Gourock St. John’s Church of Scotland
Service prepared by Rev. Teri Peterson
Manse: 632143
Email: tpeterson (at) churchofscotland.org.uk
Prelude Music
Welcome and Announcements
Call to Worship
One: God’s grace is beyond our capacity
All: and so we come to give thanks for forgiveness we can never earn.
One: God’s grace demands our response
All: and so we come to learn the ways of faithful living.
One: God’s grace is meant to be shared
All: and so we come to encounter love and be equipped for loving.
Sanctuary Hymn 484; Great God, Your Love Has Called Us Here
Prayer
Alasdair MacIntyre once wrote “I cannot answer the question “What ought I to do?” unless I first answer the question “Of which story am I a part?”” During the season of Lent we are invited to pay more attention to what story we are living and telling with our lives, and to be intentional about being part of God’s story. To observe a holy Lent means to spend more time reading God’s word, praying and listening for what God has to say to us today, letting go of things that are diverting our attention from God’s path and practicing things that help us be more faithful. As we enter this holy Lent, may we let go of all that separates us from God, and take up opportunities to grow closer to him. Let us pray.
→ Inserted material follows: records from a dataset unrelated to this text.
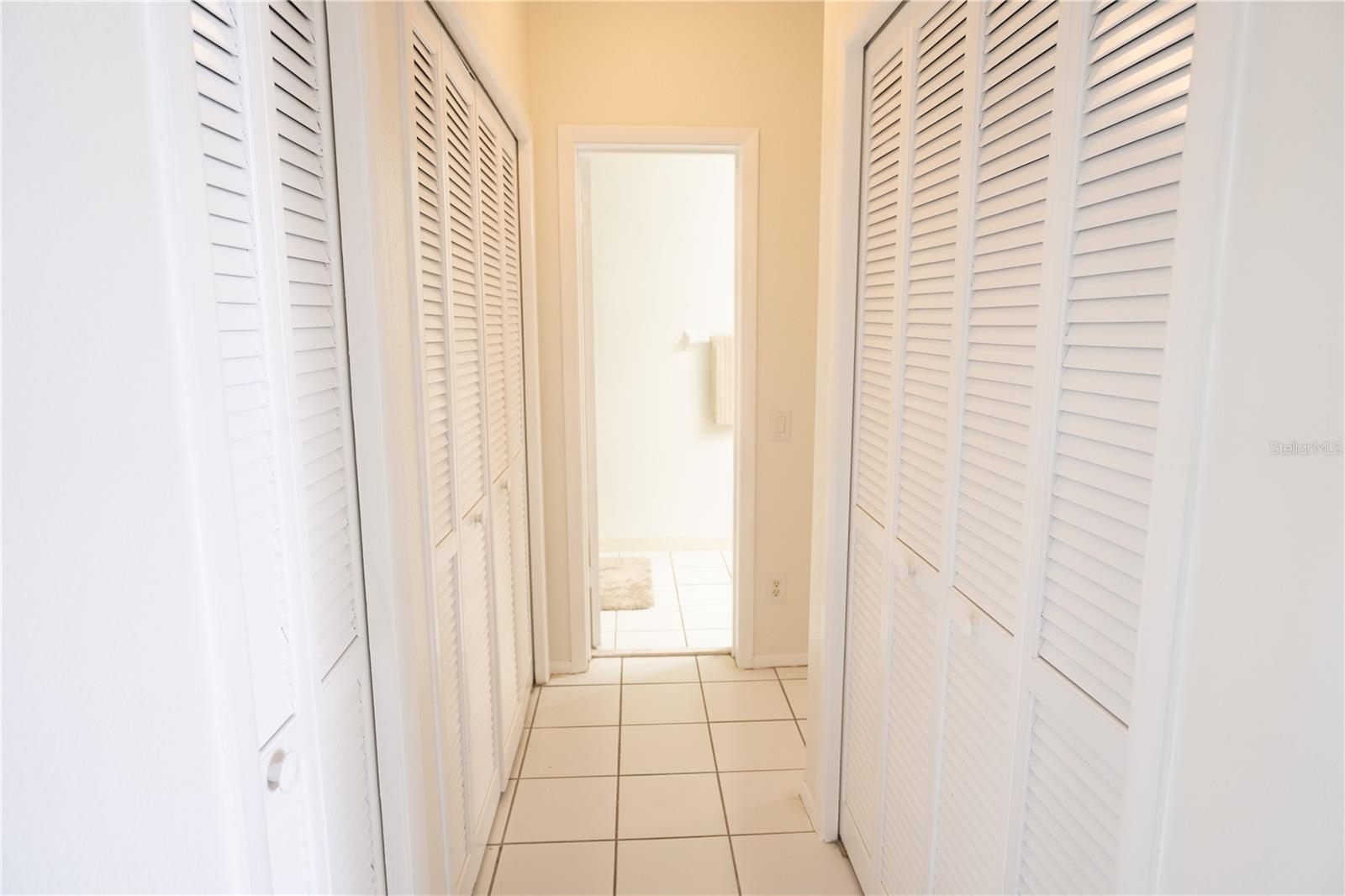 Hallway to the 2nd bedroom and Laundry Room closet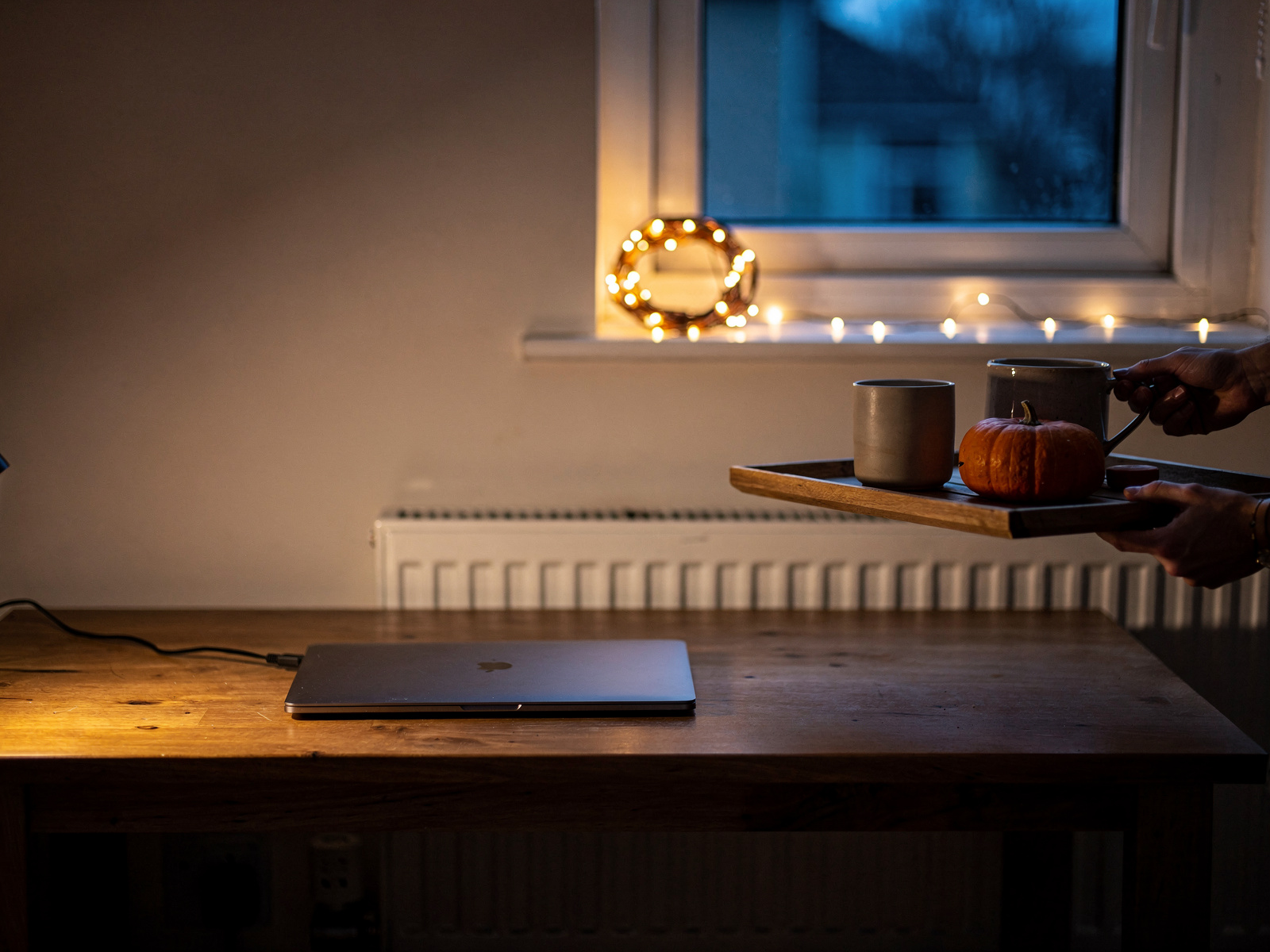 A cleared home desk at dusk with a closed laptop, the fairy lights unplugged and a tray with a mug and mini pumpkin being carried away.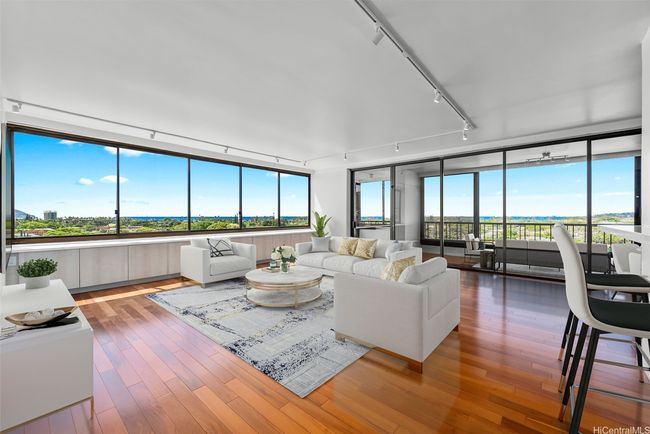 UNOBSTRUCTED views from Koko Head to Diamond Head! Notice all of the cabinet space under the windows. Also, UV protected automated blinds are featured throughout the unit. Virtually Staged(enhanced) | Image 5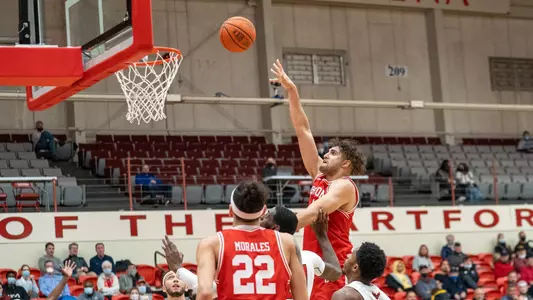 Sukhmail Mathon attempts a hook shot at Hartford.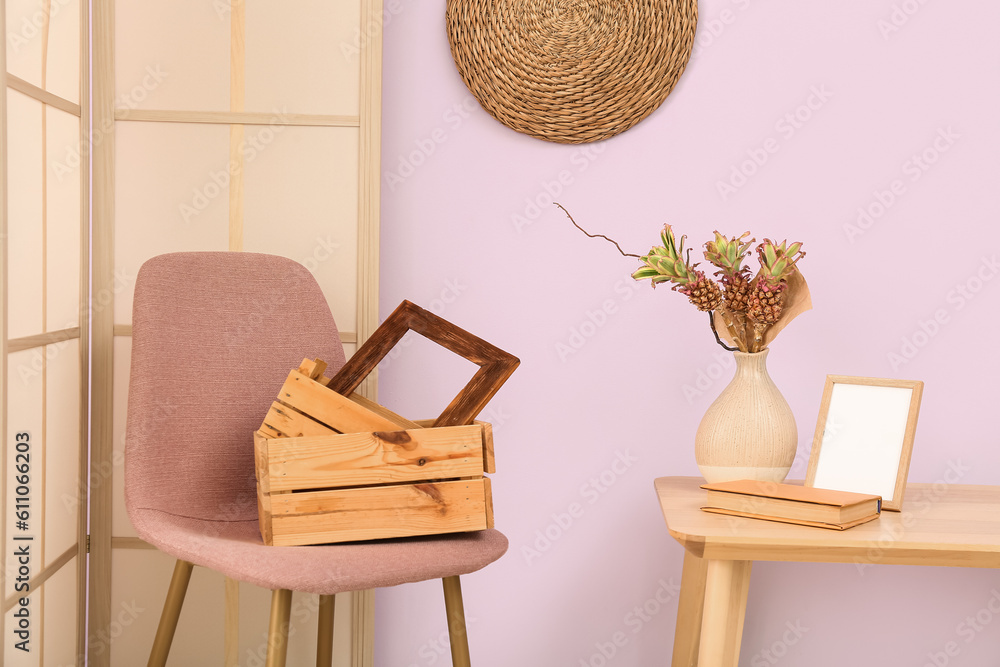 Vase with baby pineapples, book and frame on table in interior of living room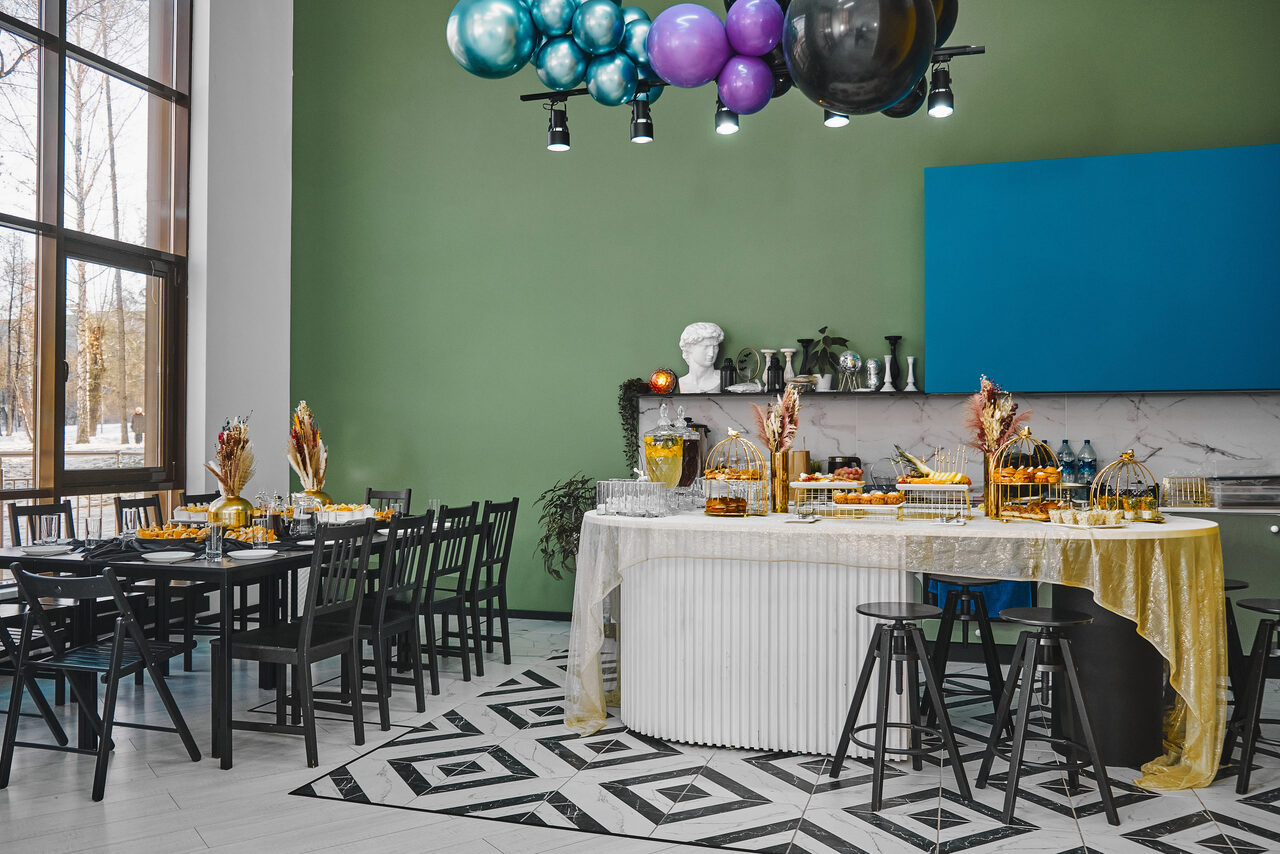 Арендовать Arcobaleno Loft(Аркобалено Лофт). Просторное помещение с сервированным столом для фуршета. На стене полка с декоративными элементами. Стены зелёного и синего цвета, пол белый с узором. Подвесные разноцветные шары. чёрные стулья, большие окна, естественный свет.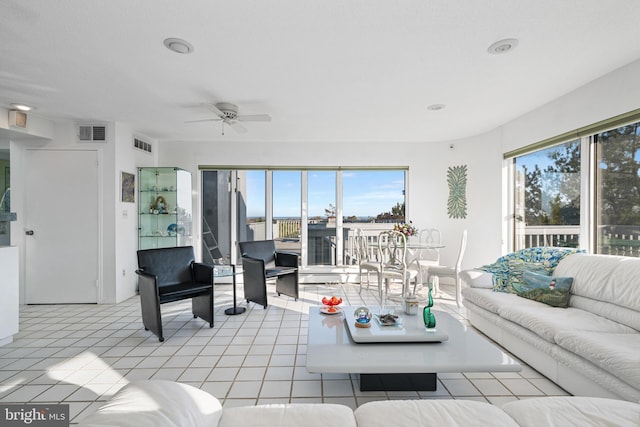 living room featuring light tile patterned floors and ceiling fan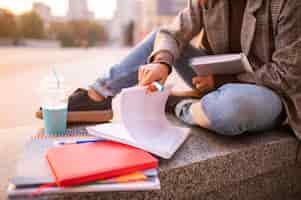 Free photo woman doing homework outdoors in the city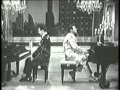 Liberace performing Night and Day and There'll Be No New Tunes On This Old Piano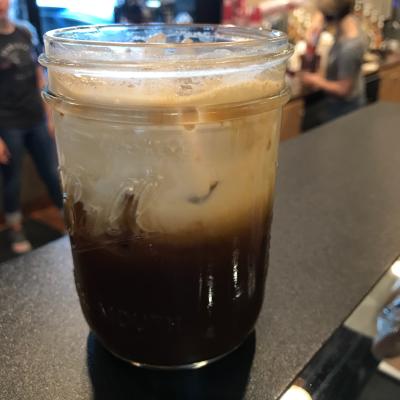 Foamy coffee beverage in mason jar glass
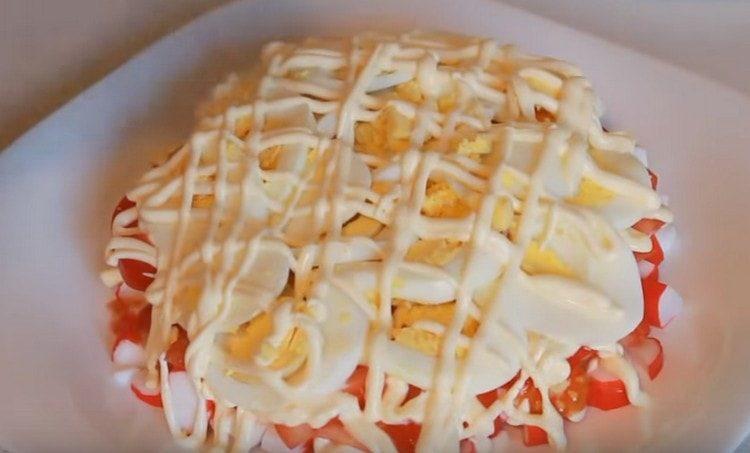 Ant pomidorų dedame kiaušinių gabaliukus, sutepame juos majonezu.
Sometimes, Lord, we see ourselves in your story so easily.
We recognise the questions and the confusion,
the desire to get it right and the hope that we misheard.
And sometimes, Lord, we do not want to see ourselves in your story.
We listen with disbelief and wonder what it has to do with us,
certain we would never be like that.
Tell us your story again today,
and make it our story.
Show us how we fit in and what we ought to do
to live now in your kingdom.
God of endless love, you call us to love as you do.
We confess that we do not.
You call us to community made in your image, honest and vulnerable and real,
speaking up when we witness hurt and choosing the way of accountability and reconciliation.
We confess that we do not.
We admit that we avoid,
we talk about rather than to people,
and we sweep things under the rug rather than deal with upsetting situations.
You promise that the forgiveness we experience is the forgiveness we offer,
that the peace we want can only be found when we practice.
We confess that we want forgiveness for ourselves and punishment for others.
Have patience with us, O God,
for we are a work in progress.
And when we falter,
when we ask for things from you that we are unwilling to grant to our neighbour,
nudge us again by your Spirit,
give us ears to hear the witnesses you send,
and help us grow into the people you intend:
forgiven, loved, and free to forgive and love.
We ask in Jesus’ name. Amen.
Online Hymn 187: There’s a Wideness in God’s Mercy
Sanctuary Special Music: Choir singing “In Praise of God” by Beethoven
Sanctuary Children’s Time
Reading: Matthew Matthew 18:15-35 (New Revised Standard Version)
‘If another member of the church sins against you, go and point out the fault when the two of you are alone. If the member listens to you, you have regained that one. But if you are not listened to, take one or two others along with you, so that every word may be confirmed by the evidence of two or three witnesses. If the member refuses to listen to them, tell it to the church; and if the offender refuses to listen even to the church, let such a one be to you as a Gentile and a tax-collector. Truly I tell you, whatever you bind on earth will be bound in heaven, and whatever you loose on earth will be loosed in heaven. Again, truly I tell you, if two of you agree on earth about anything you ask, it will be done for you by my Father in heaven. For where two or three are gathered in my name, I am there among them.’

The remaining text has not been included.